The message should be delivered clearly to our Government and the Commission that infrastructure enables economies to provide opportunity to the very groups becoming disillusioned with politics and the EU project.
And before anyone accuses me of simply seeking infrastructure to benefit the construction industry independent analysis estimates that 12 direct and indirect FTE (full-time equivalent) work years are generated per €1 million of construction investment. In terms of Gross Value Added (GVA), the direct and indirect multiplier associated with a €1 million investment in construction raises economic activity by €0.7 million. When induced impacts are included, the employment multiplier increases to 12 and the GVA multiplier increase to almost €1 million.
So, every billion invested in infrastructure, yields around 12,000 construction jobs, and generates about a billion. That’s before the improved connectivity, quality of life, connectivity, and attractiveness to FDI is calculated.
I mentioned the Whitaker formula earlier – where the government shifted expenditure towards productive infrastructure.
I would say that a strong dynamic construction industry is an important part of the formula. We’re an enabling industry and all other sectors depend on us to deliver the productive infrastructure that dictates their competitiveness.
Without Irish construction there are no Irish tech, financial service, bio-tech, food or pharma or data centre success stories.
So, the government need to take more interest in the future capacity of the industry to deliver their ambitious targets in housing, infrastructure, renovation, and specialist buildings related to FDI.
It is not sensible policy for the Government to simply set the industry a target without supporting measures to increase the industry’s capacity.
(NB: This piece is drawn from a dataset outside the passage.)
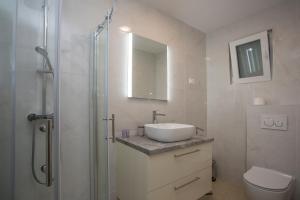 Ванная комната в Luxury Blue Villas Vis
For example, the Government’s target of 25,000 houses output per year by 2020 and the delivery of €43billion in infrastructure was created without consideration of the additional 110,000 employees we estimate it will take to deliver this output.
Currently, the industry accounts for about 6% of GDP and the accepted sustainable level is about 10% of GDP – probably 12% in Ireland’s cases as we catch up with the rest of the recovery economy. DKM economic consultants have predicted that the industry will grow on average by 9% up to 2020 reaching output of €20b.
We believe that industry and Government need to work closely together to ensure that this growth happens in the most efficient and sustainable way, shaping the economy and society through the NPF and ensuring we generate quality jobs and careers. We strongly encourage the Government to reactivate the construction sector group established under construction 2020 with a view to setting out a strategy for this industry and to ensure it has capacity to deliver for the economy.
It is incredible that the industry that facilitates the growth and competitiveness of other sectors, delivers all accommodation for Irish citizens and is the largest employer in the state has no industrial strategy to support its growth and to ensure it has the capacity to deliver these critical aspects of an economy and society.